Severe retinal detachment and accidental ocular trauma causes visual impairment and inconveniences to life and social activities, resulting in a a negative impact on the quality of life, social interaction, and psychological function[24]. Most patients said they preferred to stay at home rather than go out. In addition, all patients had undergone several previous surgeries such as vitreoretinal surgery or silicone oil filling before FCVB implantation, which also had a certain psychological impact, especially after discovering that these operations could not improve their vision and even aggravated their pain. Among all possible negative emotions, we used depression, anxiety, and interpersonal sensitivity as representative measures, since they directly or indirectly affect treatment and recovery.
Although vision could not be repaired after FCVB implantation, the patients’ long-term discomfort was reduced and their appearance was improved, making it easier for patients to adapt to life after visual impairment. A study showed that 6 months after surgery, the eyes kept symmetrical and normal[25], thereby reducing their depression, anxiety, and interpersonal sensitivity, all conducive to their psychological improvement. The decrease in scores proved that FCVB implantation was beneficial to patients’ psychological reconstruction.

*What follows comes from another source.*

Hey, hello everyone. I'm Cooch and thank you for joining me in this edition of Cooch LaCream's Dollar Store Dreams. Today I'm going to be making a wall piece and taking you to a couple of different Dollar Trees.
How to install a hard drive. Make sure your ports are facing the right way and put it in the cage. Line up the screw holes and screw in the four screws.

We also investigated possible demographic influencing factors. Intuitively, factors such as economic status, surgical satisfaction, and postoperative time may influence anxiety, depression, and interpersonal sensitivity levels before and after surgery. However, our study found no significant relation between psychological scores and factors such as age, gender, occupation, finance, pre-FCVB-implantation vision, number of surgeries before FCVB implantation, postoperative period length, and surgical satisfaction (P> 0.05).
In addition, our survey showed that for most patients' families, the cost of FCVB implantation was affordable, because almost all patients had medical insurance or compensation for work-related injuries. The economic pressure was more due to job changes caused by visual disability after onset of the disease, since some patients were unable to work in their previous industry.

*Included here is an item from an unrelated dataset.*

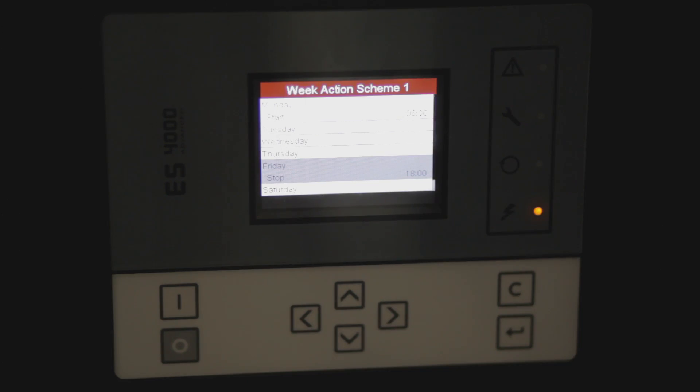Now we have the compressor starting at 6 a.m. on Monday and stopping at 6 p.m. on Friday. That's been our ES-4000 Advance controller. Thanks for watching today — we'll see you later.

Our findings also support previous studies that identified links between severe retinal detachment and mental health and between severe ocular trauma and mental health. Ophthalmic operations and other ophthalmic diseases, such as diabetic retinopathy and age-related macular degeneration, have also been proven to damage patients’ mental health[26-31][1, 32-34]. Compared with previous studies, the anxiety and depression of patients with traditional retinal detachment surgery (vitrectomy or buckling) were more serious after surgery, whereas FCVB improved patient psychology[1].

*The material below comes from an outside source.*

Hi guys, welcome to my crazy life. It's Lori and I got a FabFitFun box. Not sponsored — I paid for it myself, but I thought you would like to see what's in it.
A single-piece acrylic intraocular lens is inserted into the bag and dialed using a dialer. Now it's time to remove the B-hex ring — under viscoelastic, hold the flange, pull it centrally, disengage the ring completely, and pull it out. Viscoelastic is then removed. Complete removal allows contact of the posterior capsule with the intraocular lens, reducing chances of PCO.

We believe that doctors should pay more attention to patients’ mental health. The median age of our sample was 41-50 years, and male patients were more common. Since the vast majority of participants (90.38%) were < 60 years old, probably economically active, and the main source of family income, FCVB contributed to their psychological wellbeing, which would have a positive effect on the whole family or society.
There are some limitations to our research. First, this was a retrospective study. Preoperative psychological scores of patients were biased to a certain extent, which may lead to recall bias. Another major limitation of this study was the relatively small number of patient responses. The inclusion and exclusion criteria of our study were very strict, which limited the sample size. In future studies, we want to collaborate with more hospitals to obtain larger sample sizes. In addition, we lacked a control group of patients with silicone oil tamponade for a long time or patients with artificial eyes. Larger samples and control groups are needed to further study the psychological effects of FCVB implantation.
For patients with impending eye atrophy unable to improve their vision, the improvement of their mental health is worthy of attention since it helps patients partially restore their daily lives and social functions and improve their quality of life. Further research should evaluate various psychosocial aspects of patients with FCVB implantation to provide patients with suitable therapeutic interventions.